Persoalan lainnya yang terjadi dalam persidangan, Zainal menilai banyak tindakan intimidatif. Padahal, janji awal persidangan dikatakan bahwa prosesnya akan berlangusng secara terbuka. Memang ada indikasi hal itu dilakukan, seperti memberikan informasi terkini atas jalannya persidangan kasus Cebongan kepada publik lewat website resmi hakim oditur. Tapi peradilan yang berlangsung memberi ruang besar kepada ormas-ormas tertentu yang dirasa menimbulkan suasana intimidatif sehingga dapat mempengaruhi kondisi persidangan. “Situasi itu menyebabkan janji bahwa peradilan militer transparan dan terbuka, tidak tercapai,” imbuhnya.

Sementara anggota koalisi dari KontraS, Haris Azhar, mengatakan persidangan gagal menyajikan fakta utuh kasus penyerangan lapas Cebongan. Misalnya, fakta yang dihadirkan adalah peristiwa per 22 Maret 2013 di mana Serda Ucok mendengar kabar rekannya meninggal, kemudian mengajak sejumlah kawan-kawannya yang akhirnya terjadi penyerangan lapas Cebongan. Namun, Haris menilai fakta yang dijabarkan di persidangan itu mengaburkan fakta lainnya.
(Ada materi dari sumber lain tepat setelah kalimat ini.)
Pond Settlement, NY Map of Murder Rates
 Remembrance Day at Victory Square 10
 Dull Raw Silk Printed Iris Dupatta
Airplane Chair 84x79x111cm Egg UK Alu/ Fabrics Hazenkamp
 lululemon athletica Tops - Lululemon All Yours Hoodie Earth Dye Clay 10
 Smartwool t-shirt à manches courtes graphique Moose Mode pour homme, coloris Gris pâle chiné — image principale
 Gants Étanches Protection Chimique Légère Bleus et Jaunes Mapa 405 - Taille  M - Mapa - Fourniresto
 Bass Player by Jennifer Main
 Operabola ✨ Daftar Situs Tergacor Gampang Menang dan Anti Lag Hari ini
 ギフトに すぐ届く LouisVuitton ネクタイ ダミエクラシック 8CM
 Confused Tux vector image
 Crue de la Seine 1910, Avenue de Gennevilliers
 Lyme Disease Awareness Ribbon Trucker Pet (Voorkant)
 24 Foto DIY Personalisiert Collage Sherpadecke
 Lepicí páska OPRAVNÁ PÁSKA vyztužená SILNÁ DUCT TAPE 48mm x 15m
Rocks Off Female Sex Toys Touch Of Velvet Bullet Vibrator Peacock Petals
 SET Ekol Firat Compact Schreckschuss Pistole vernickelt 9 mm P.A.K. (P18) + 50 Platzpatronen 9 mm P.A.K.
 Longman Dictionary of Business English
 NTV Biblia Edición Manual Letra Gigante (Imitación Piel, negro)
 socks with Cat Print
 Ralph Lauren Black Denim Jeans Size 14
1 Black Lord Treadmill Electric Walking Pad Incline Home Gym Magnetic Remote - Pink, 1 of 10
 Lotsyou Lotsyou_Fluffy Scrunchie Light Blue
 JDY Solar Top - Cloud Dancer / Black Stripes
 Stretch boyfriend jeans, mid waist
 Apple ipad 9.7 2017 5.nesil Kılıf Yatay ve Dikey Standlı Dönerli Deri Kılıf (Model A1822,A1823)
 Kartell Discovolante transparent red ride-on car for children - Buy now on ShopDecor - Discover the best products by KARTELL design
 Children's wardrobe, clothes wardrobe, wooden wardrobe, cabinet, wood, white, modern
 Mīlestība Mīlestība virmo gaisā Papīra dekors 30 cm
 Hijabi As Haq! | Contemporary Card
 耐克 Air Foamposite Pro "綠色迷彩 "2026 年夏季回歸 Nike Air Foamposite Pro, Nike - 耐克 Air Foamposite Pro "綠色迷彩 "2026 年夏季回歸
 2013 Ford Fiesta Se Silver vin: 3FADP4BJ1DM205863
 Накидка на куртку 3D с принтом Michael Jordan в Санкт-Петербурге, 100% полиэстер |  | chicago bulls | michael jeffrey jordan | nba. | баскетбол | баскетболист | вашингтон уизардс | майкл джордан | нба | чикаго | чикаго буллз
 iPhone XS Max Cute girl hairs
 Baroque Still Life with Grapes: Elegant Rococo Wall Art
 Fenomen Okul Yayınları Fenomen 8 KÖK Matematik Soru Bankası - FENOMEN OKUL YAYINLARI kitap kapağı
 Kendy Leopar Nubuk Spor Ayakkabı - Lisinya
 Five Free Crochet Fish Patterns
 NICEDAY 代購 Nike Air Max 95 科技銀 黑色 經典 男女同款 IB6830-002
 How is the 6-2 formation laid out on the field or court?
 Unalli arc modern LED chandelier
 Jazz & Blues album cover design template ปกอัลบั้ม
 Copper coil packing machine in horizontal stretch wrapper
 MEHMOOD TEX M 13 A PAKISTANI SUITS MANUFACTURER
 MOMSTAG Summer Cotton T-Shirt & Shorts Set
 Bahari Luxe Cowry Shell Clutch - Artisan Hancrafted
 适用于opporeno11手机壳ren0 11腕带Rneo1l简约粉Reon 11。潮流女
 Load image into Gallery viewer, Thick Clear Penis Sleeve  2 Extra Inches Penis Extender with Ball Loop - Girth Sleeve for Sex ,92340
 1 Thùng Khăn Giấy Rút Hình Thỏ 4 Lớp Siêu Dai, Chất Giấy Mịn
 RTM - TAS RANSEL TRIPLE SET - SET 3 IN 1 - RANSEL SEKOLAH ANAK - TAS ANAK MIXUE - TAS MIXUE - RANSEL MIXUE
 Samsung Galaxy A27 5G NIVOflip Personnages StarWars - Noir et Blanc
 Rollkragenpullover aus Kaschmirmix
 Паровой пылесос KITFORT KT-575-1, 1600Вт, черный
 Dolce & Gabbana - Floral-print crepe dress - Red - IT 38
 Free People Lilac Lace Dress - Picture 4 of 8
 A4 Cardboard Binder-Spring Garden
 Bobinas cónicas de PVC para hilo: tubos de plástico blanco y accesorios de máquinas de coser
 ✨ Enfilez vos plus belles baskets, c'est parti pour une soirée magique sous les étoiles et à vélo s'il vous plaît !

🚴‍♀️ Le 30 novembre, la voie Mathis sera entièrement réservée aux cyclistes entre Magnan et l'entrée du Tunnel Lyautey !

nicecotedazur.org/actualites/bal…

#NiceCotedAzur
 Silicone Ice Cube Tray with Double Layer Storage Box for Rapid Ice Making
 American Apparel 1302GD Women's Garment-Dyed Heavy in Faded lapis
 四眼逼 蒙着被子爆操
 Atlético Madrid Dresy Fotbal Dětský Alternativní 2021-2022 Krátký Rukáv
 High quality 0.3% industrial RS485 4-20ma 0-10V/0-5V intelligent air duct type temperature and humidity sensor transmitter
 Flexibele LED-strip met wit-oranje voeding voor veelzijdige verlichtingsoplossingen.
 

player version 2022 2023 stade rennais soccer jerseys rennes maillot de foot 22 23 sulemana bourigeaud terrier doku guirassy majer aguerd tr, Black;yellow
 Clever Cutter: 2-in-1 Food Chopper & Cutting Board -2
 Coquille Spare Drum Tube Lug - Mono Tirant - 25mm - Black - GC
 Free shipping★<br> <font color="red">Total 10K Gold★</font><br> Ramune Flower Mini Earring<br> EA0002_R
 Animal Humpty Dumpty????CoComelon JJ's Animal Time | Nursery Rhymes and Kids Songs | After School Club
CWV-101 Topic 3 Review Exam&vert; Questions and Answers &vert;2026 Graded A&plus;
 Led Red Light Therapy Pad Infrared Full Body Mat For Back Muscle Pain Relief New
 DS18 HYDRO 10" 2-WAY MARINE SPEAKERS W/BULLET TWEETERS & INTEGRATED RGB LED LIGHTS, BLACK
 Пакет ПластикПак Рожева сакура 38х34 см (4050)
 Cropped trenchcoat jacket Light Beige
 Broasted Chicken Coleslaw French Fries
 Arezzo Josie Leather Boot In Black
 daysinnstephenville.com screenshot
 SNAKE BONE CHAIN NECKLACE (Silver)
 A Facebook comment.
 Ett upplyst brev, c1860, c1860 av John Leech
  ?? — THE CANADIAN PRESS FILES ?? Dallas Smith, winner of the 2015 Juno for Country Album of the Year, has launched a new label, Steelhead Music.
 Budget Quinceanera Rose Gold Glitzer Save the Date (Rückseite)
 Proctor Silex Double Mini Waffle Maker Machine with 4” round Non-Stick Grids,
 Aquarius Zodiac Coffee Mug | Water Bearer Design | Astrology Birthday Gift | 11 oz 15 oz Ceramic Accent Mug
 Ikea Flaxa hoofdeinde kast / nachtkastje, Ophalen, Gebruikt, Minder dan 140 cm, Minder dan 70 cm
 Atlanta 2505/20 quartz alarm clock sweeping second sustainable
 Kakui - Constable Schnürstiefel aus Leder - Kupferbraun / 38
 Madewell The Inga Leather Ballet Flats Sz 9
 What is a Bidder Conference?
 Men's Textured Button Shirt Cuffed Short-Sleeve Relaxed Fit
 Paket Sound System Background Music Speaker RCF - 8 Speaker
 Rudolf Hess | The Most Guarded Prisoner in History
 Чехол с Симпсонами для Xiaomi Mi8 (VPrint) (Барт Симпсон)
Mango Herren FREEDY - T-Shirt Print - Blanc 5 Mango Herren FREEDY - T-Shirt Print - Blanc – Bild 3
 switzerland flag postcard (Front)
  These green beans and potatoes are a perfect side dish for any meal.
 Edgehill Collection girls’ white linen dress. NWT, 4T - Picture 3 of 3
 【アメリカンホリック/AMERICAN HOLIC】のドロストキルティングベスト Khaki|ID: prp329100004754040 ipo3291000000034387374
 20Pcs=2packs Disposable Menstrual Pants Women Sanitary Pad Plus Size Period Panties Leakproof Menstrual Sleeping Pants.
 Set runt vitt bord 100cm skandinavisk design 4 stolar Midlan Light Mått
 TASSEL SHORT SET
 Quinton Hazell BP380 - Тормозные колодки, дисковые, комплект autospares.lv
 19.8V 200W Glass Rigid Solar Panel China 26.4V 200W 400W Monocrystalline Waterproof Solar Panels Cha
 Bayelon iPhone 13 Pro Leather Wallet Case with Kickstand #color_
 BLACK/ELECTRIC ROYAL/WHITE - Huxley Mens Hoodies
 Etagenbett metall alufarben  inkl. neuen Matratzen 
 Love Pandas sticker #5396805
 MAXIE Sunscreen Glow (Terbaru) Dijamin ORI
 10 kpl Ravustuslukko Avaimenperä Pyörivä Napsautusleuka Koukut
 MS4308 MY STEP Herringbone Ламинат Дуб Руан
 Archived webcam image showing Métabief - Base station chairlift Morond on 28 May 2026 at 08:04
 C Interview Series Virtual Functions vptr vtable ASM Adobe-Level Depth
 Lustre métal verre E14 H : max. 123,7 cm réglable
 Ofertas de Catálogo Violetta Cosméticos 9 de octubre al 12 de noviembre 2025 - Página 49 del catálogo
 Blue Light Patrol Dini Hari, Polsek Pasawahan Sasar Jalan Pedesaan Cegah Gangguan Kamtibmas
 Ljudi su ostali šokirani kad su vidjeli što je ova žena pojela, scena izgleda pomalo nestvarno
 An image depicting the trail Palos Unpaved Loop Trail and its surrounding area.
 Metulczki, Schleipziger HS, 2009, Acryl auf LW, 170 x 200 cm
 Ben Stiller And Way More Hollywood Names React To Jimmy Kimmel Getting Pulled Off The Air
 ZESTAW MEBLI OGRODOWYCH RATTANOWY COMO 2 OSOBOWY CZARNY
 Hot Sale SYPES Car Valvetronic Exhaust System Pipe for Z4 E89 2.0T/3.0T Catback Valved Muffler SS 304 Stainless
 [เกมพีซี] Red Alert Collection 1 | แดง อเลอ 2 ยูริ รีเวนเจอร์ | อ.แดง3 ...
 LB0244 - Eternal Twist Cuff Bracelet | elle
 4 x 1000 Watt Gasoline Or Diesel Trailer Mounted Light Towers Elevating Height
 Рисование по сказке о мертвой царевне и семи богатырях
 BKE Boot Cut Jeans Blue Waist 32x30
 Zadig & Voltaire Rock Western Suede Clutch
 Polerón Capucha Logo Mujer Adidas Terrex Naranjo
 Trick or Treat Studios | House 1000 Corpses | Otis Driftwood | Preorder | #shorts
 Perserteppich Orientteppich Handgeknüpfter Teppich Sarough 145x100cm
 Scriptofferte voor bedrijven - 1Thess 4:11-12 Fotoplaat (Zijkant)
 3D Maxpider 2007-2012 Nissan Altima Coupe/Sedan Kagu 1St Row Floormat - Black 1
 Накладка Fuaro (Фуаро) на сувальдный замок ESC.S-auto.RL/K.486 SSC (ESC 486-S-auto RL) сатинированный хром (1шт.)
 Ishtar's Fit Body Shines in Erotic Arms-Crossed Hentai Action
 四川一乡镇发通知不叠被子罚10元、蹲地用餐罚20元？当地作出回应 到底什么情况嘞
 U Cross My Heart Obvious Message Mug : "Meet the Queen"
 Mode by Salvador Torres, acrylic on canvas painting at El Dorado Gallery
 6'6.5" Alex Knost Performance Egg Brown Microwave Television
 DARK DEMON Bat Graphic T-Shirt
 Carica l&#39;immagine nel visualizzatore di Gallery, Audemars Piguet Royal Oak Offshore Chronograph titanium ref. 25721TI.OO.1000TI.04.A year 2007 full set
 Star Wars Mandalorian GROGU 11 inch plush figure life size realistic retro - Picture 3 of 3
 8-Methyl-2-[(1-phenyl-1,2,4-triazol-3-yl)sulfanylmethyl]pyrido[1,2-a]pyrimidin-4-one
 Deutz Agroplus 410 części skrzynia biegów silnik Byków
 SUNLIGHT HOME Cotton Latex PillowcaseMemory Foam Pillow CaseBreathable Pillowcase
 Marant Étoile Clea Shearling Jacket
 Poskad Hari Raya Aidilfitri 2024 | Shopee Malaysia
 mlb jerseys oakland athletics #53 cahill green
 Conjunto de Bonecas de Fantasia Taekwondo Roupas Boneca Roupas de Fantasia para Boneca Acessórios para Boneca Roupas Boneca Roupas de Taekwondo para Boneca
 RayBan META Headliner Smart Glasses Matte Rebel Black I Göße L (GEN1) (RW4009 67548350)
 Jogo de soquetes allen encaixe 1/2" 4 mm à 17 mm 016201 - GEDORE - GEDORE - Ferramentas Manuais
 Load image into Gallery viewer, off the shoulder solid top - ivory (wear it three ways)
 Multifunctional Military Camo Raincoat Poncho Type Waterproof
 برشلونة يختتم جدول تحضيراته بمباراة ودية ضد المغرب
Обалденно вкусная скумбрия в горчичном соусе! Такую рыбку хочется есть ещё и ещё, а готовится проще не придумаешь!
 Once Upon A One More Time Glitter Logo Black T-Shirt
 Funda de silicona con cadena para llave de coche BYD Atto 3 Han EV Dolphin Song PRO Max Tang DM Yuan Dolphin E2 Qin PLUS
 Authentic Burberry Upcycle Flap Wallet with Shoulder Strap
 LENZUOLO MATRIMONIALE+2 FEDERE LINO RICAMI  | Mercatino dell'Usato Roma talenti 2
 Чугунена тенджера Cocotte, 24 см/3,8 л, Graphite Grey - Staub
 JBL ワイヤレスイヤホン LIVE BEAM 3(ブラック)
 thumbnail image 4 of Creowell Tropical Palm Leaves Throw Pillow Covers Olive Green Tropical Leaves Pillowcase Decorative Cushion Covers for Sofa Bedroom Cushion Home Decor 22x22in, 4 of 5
Seperti peristiwa di Hugos Cafe yang berlangsung sebelum terjadinya penyerangan lapas Cebongan. Menurut Haris kedua peristiwa itu berkaitan namun luput disajikan di persidangan.

Kemudian, rapat yang terjadi antara Kapolda Yogyakarta ketika itu dengan beberapa pimpinan militer teritorial setempat. Menurut Haris Kapolda Yogyakarta ketika peristiwa penyerangan lapas Cebongan terjadi, layak dipanggil ke persidangan untuk diperiksa. Sayangnya, hal itu tidak dilakukan. Padahal, Haris yakin Kapolda Yogyakarta punya informasi penting seputar rapat itu.

Haris juga menyoroti proses persidangan luput meminta pertanggungjawaban kolektif para pelaku. Mengingat belum banyak fakta yang diungkap dalam persidangan, Haris merekomendasikan oditur militer untuk menindaklanjutinya. “Jadi, 12 orang yang di bawa ke persidangan untuk diadili berdasarkan perannya masing-masing, tapi tidak dilihat motif kolektifnya,” katanya.

Tak ketinggalan, Haris menyesali sikap sejumlah komisi negara terhadap hasil persidangan kasus penyerangan lapas Cebongan. Seperti Komnas HAM, Komisi Yudisial dan MA yang tidak mengkritisi. Mestinya, Haris melanjutkan, berbagai komisi negara itu mempertanyakan kenapa pengadilan dengan mudah dimasuki ormas yang berdemonstrasi. Lalu, kenapa majelis hakim membiarkan teriakan yang kerap terjadi di dalam pengadilan. Serta, Haris mempertanyakan kenapa MA tidak bersuara ketika LPSK meminta agar saksi yang hadir di persidangan diberi kenyamanan dan perlindungan ketika bersaksi di pengadilan.

Khusus untuk Komnas HAM, Haris menyesalkan kenapa lembaga yang mengurusi soal HAM itu menyerahkan kepada militer terkait mekanisme lain. Padahal, Komnas HAM dapat bertindak karena punya landasan hukum yang jelas yaitu UU No.26 Tahun 2000 tentang Pengadilan HAM.